No convés de minha embarcação, navegando para trás, encontrei o menino de 13 anos de idade, cantando alegremente num grupo orfeônico, em uma festa natalina após as provas do final de ano letivo. Os olhos da alma insistiam em querer ver o que a embarcação já deteriorada pela ação do tempo não me permitia enxergar. A velha embarcação construída há sessenta e três anos, demorou demais no trajeto inverso, e eu só pude reter ou rever a segunda parte daquela canção que tanto marcou os meus Natais pela vida afora. Essa parte da melodia foi a que o barco de memórias conseguiu resgatar, e correspondia a uma dolente sinfonia em tom menor, que eu, por toda a vida de adulto assoviara. Sem a letra, hoje considerada profana, só restou o assovio da metade da bela modinha reverberando nas cordas do meu violão.
O cérebro, esse antiquado computador, deletou a primeira estrofe da canção que cantei jubilosamente com os meus coleguinhas de classe, num salão imenso ornamentado de luzes multicores, e árvores carregadas de nacos de algodão, que mais tarde eu viria saber que eram para imitar a neve que naturalmente decoravam as árvores no natal dos países frios. Que bons tempos aqueles do coral orfeônico de minha saudosa escola. Era sob a batuta do experiente e paciente maestro que a música transformava-me em um corpo coletivo. As notas musicais transportavam-me a outro mundo, e eu me identificava com os outros, meus colegas, meus irmãos, numa efusão prazerosa de felicidade e êxtase.

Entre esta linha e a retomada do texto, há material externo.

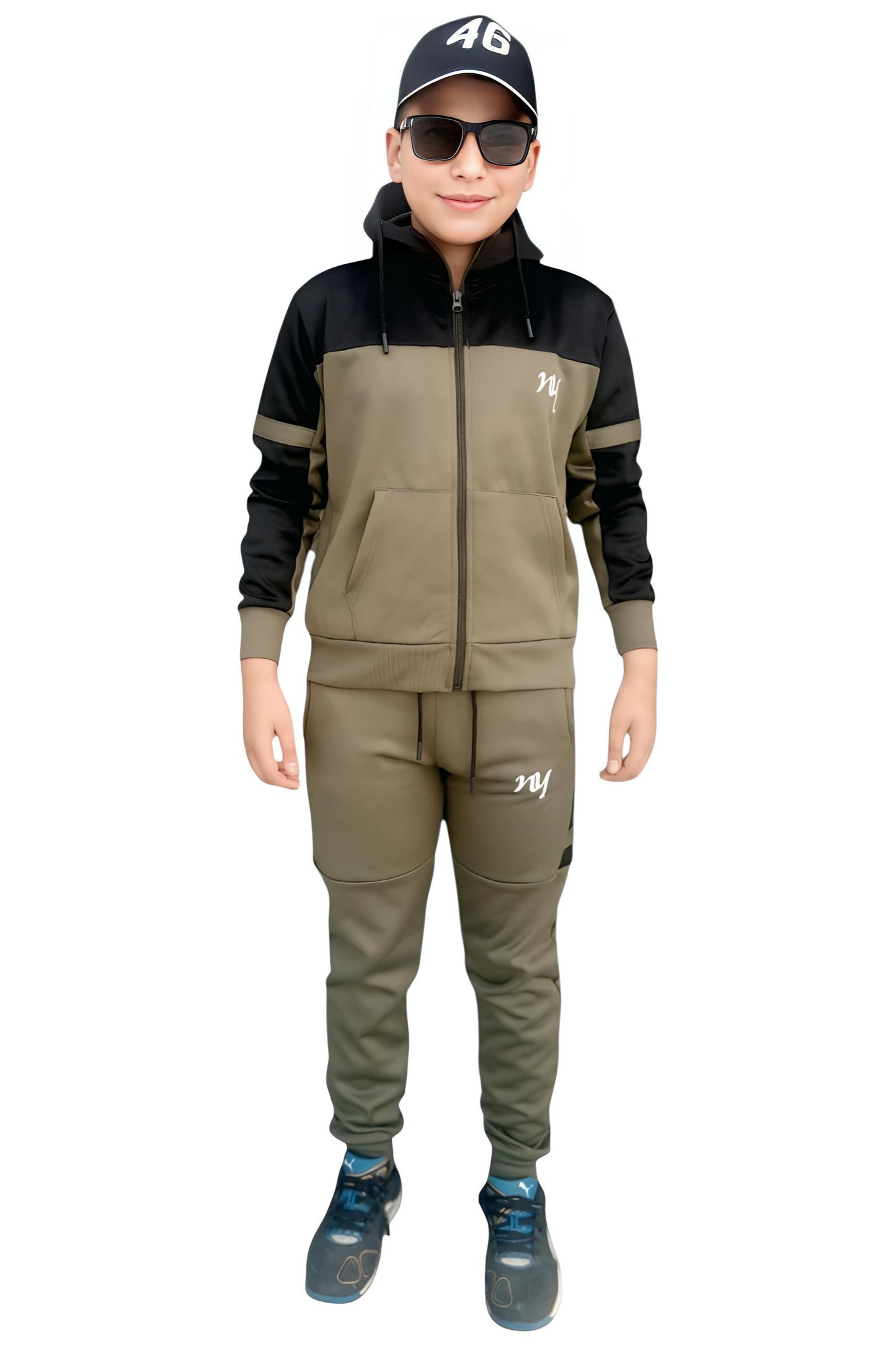 ASHTON Kids slim fit tracksuit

O que mais me interessava não era a letra da canção e sim a beleza extra-subjetiva dos acordes que mergulhava o meu coração na atmosfera harmônica indescritível carregada de uma inefável serenidade.
Essa máquina maravilhosa ─ o computador ligado a rede mundial de informação, como um poderoso cérebro, foi buscar, nos seus antigos e raros arquivos, essa obra musical monumental de autoria do nosso grande compositor Heitor Villa Lobos, intitulada "Canto do Pajé”
Através do vídeo abaixo, pude adentrar de novo a Catedral do mundo estrutural e espiritual dos meus verdes anos, quando o maniqueísmo do bem e do mal, do sagrado e do profano não tinha ainda se entranhado em meu ser.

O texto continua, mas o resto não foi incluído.